This repo contains instructions and pieces of code that were useful to benchmark Windmill as a data integration platform. The goal of this experimentation was to compare the performance, both in terms of memory footprint and speed, of using Windmill with Polars or DuckDB to process data VS Spark, which is commonly used for this purpose.
The results are available in this blog post
We benchmarked Polars, DuckDB and Spark using the TPC-H datasets. The scripts necessary to generate the data in various sizes can be downloaded freely on this page. The full specifications on the generated generated datasets is available as a PDF on this page.
Note: The above scripts won't work on OSX, it needs a few tweaks. This repo among others, can be used instead to generate the datasets. As indicated on the README, the generation is made simple:
export SCALE_FACTOR='1'
export DSS_CONFIG=$(pwd)/dbgen
export DSS_QUERY=$DSS_CONFIG/queries
export DSS_PATH=$(pwd)/output_data/$SCALE_FACTOR
# then from the ./dbgen/ folder:
make MACHINE=MACOS DATABASE=POSTGRESQL # to compile the binary
./qgen -v -c -d -s $SCALE_FACTOR > tpch-stream.sql # to generate the queries
./dbgen -vf -s $SCALE_FACTOR # to generate the datasets into $DSS_PATH
The datasets will be generated as .tbl files, which is equivalent to CSVs with |
as a separator. You can rename them to CSVs:
# from the folder containing the .tbl files
for file in $(ls *.tbl); do mv $file $(basename $file .tbl).csv; done
Then you will need to upload those files to an S3 bucket.
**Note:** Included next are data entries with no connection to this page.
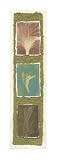 Feather Fossils I on FAP by June Erica Vess. CANVAS WITH BRUSHSTROKES with 1 1/2 inch bars. 5.07 inches width by 26.05 inches height. Highest Quality Art Poster Print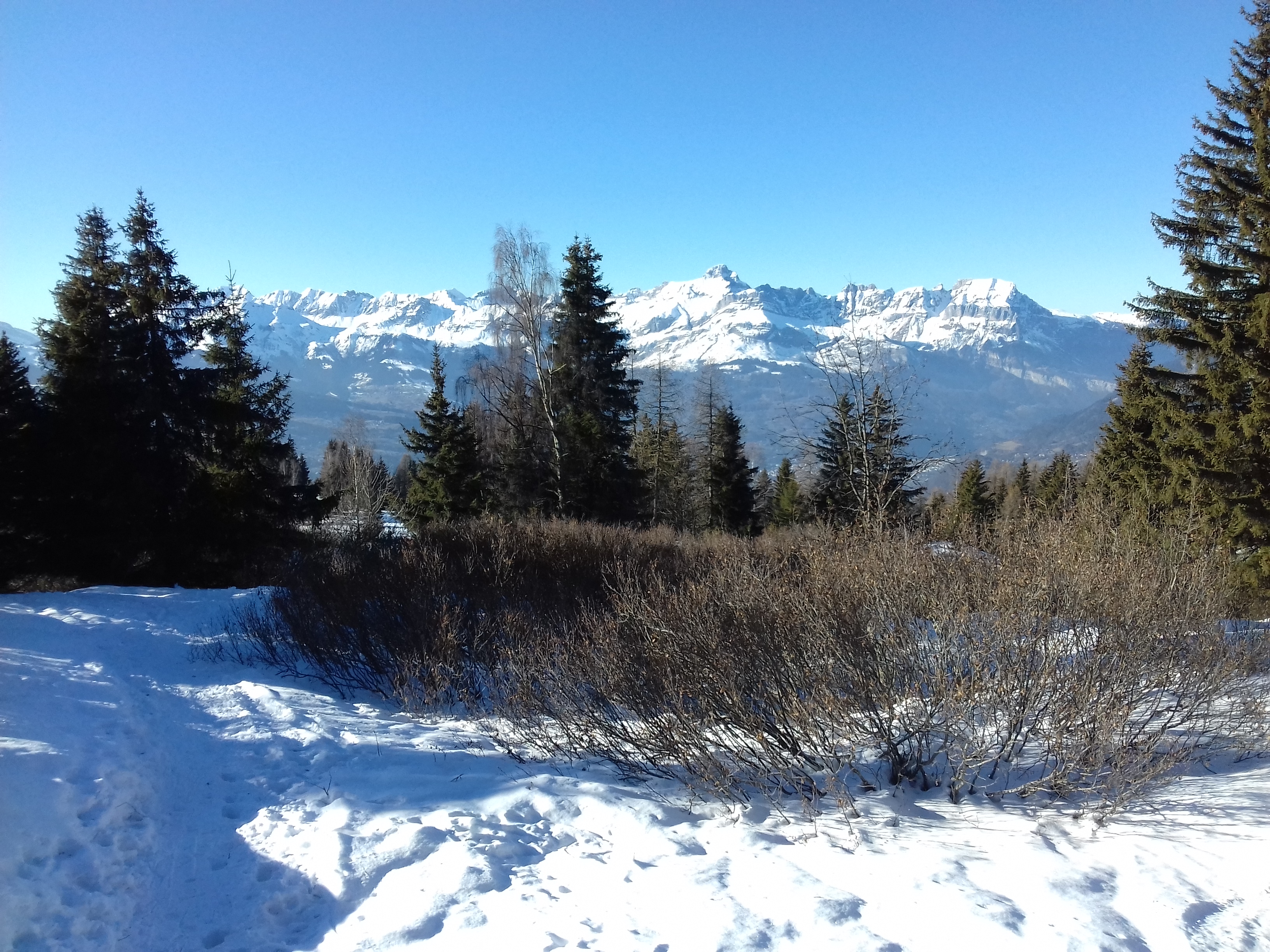 Photo n° 35 de l'avis de Fabrice.u fait le 18/01/2020 à 23:03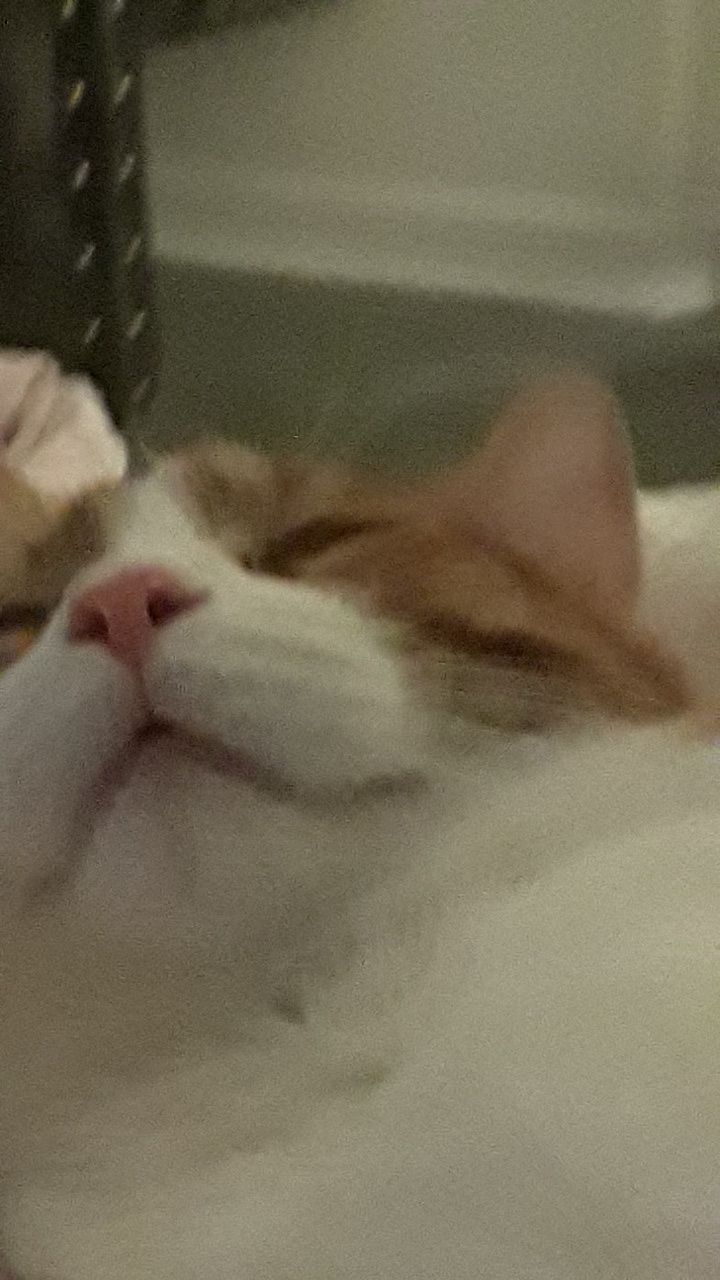 12929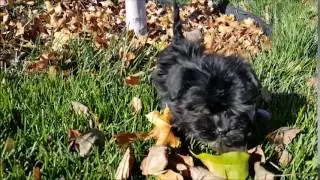 Nala the Havanese Puppy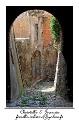 IMG_8356_RD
If you're using AWS, this can be done with the CLI:
# to setup your AWS key
aws configure
# to upload the files to a bucket named 'windmill' at '/tpc-h/1g/input/'
export SCALE_FACTOR='1g'
for file in $(ls *.csv); do echo $file; aws s3 cp $file s3://windmill/tpc-h/$SCALE_FACTOR/input/; done
We select 9 queries from the generated queries in tpch-stream.sql
and we converted them to DuckDB, Polars and Spark
The resulting code in in the 3 files duckdb, polars, spark.
Of course the code in duckdb and polars folders should be executed on Windmill in various scripts and flows.
The spark queries were run on a single node equivalent to the Windmill worker executing the queries for DuckDB and Polars.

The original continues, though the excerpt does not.